Natürlich ist es hilfreich, daß jede Regierung und Organisation äußeren Kontrollmechanismen unterworfen ist. Trotzdem - gebt uns eine Chance! Ich habe das Gefühl, daß die Swapo fähig ist, diese Geschichte selbst zu klären, wenn man ihr nur die Gelegenheit dazu gibt. Sollte mich mein Gefühl nicht täuschen, sind immer noch etliche von uns in der Lage, innerhalb der Organisation entsprechenden Druck auszuüben, um sicherzustellen, daß diese Angelegenheit nicht in Vergessenheit gerät.
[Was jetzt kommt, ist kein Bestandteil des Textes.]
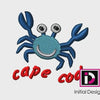 Cape Cod Crab 2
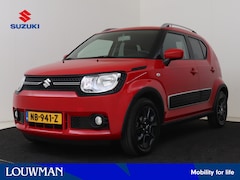 Suzuki Ignis - 1.2 Select Intro | Airco | Camera |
Ich weiß auch nicht, ob der Druck von außen, egal welcher Art, so effektiv sein kann, wie das einfache Vertrauen auf die Menschlichkeit, auf die Loyalität von Leuten innerhalb der Organisation. Dieselbe Loyalität, die einige von uns bewogen hat, in der Organisation zu bleiben, muß es doch auch bei anderen Leuten geben. Das ist meine Hoffnung für die Zukunft: Daß es politische Führer gibt, denen das nicht egal ist, denen Namibia am Herzen liegt. Ich hoffe, daß man auf ihre Menschlichkeit zählen kann und daß sie etwas tun werden. Ich kann mir vorstellen, daß wir sonst jedes Mal, wenn etwas passiert, auf weltweite Appelle angewiesen sein werden: „Bitte übt Druck auf die Swapo aus, damit sie dies oder jenes tut.“ Ich hoffe, daß die Menschlichkeit sich behaupten wird.